VSI (VXLAN Service Instance) mode

VLAN mode


VLAN mode is very simple - you just map the VNI to VLAN directly under VLAN configuration:


*snip*


vlan <>

vn-segment <>


*snip*


VSI mode requires more work - you need to create an encapsulation profile, BDs and map VLAN to VNIs with the help of these. The concept of BD here is different from the existing concept of hw BDs for VLANs. Bridge-domains, in the case of VXLAN, is purely a software concept.

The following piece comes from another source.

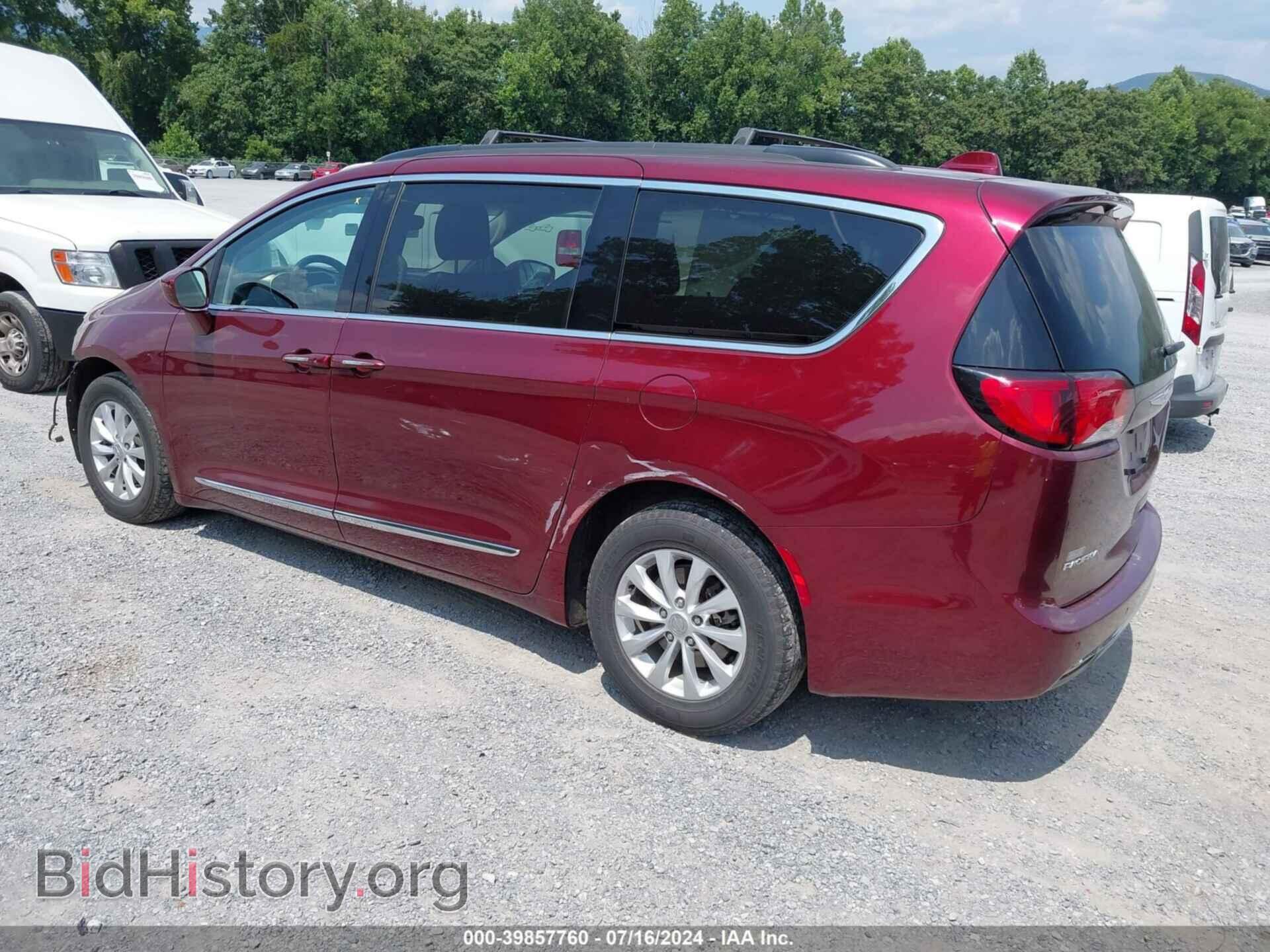 2017 CHRYSLER PACIFICA - VIN: 2C4RC1BG5HR540279 - Фото 3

We need to create a service instance under the ports facing the end hosts on the leaf switches (VTEPs). An encapsulation profile is then mapped to the service instance, with the encapsulation profile itself defining what VLAN is mapped to what VNI. A simple example (not from this topology):


LEAF# show running-config interface Ethernet1/41


interface Ethernet1/41

description Spirent 7/10

no shutdown

service instance 1 vni

no shutdown

encapsulation profile vsi_std default


Notice how there is no defined access/trunk configuration on this port. So, does this mean the packet should always come in tagged with the appropriate VLAN ID? Yes, it does. The service instance relies on the dot1q ID to map the VLAN to its associated VNI. This is designed with the understanding of how VMs typically work - one physical box may have multiple VMs with each VM potentially being in a different VLAN. The packets would come out tagged from this box, depending on which VM is sending the packet (VLAN ID for that VM would be added) to the dot1q header.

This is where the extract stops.